Since the 1970’s schools, charities and countless self help books have introduced us to their programmes to help improve our self esteem. One example is, Young Minds, the leading UK mental health charity for young people’s, programme called ‘Believe in Yourself’. No doubt these types of programmes have helped countless people feel better about themselves. But as we hear in the press, the incidence of mental ill-health is growing at an alarmingly increasing rate. The number of children and young people in the UK, being referred to mental health services has been increasing by around 10% year-on-year since 2014. This is in spite of 40 years of attempting to improve self esteem.

Indeed, research has shown that a high degree of self esteem is related not to mental well being, but to aggression and violent behaviour.
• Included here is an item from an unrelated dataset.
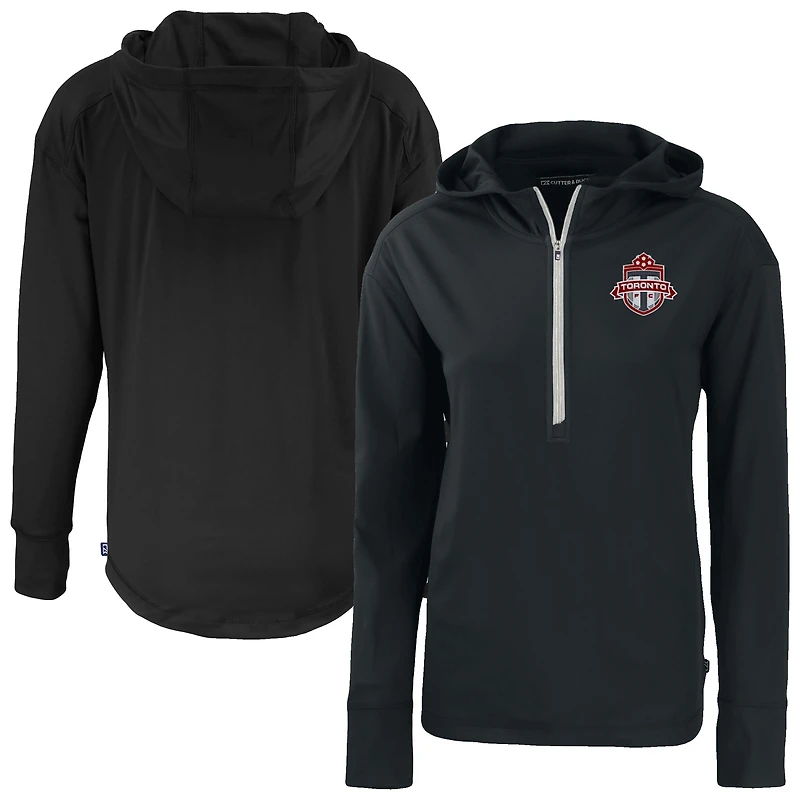 Women's Cutter & Buck Toronto FC Daybreak Eco Recycled Half-Zip Hoodie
Steven Pinker, who is a Professor of Psychology at Harvard University, notes that it is "the psychopaths, street toughs, bullies, abusive husbands, serial rapists, and hate-crime perpetrators" who are highest in assessing their own self worth, adding that people who think highest of themselves do so, "not in proportion to their accomplishments but out of a congenital sense of entitlement. When reality intrudes, as it inevitably will, they treat the bad news as a personal affront, and its bearer, who is endangering their fragile reputation, as a malicious slanderer".

Maybe the whole premise that the solution of increasing self esteem is flawed and that is because self admiration is actually part of the problem!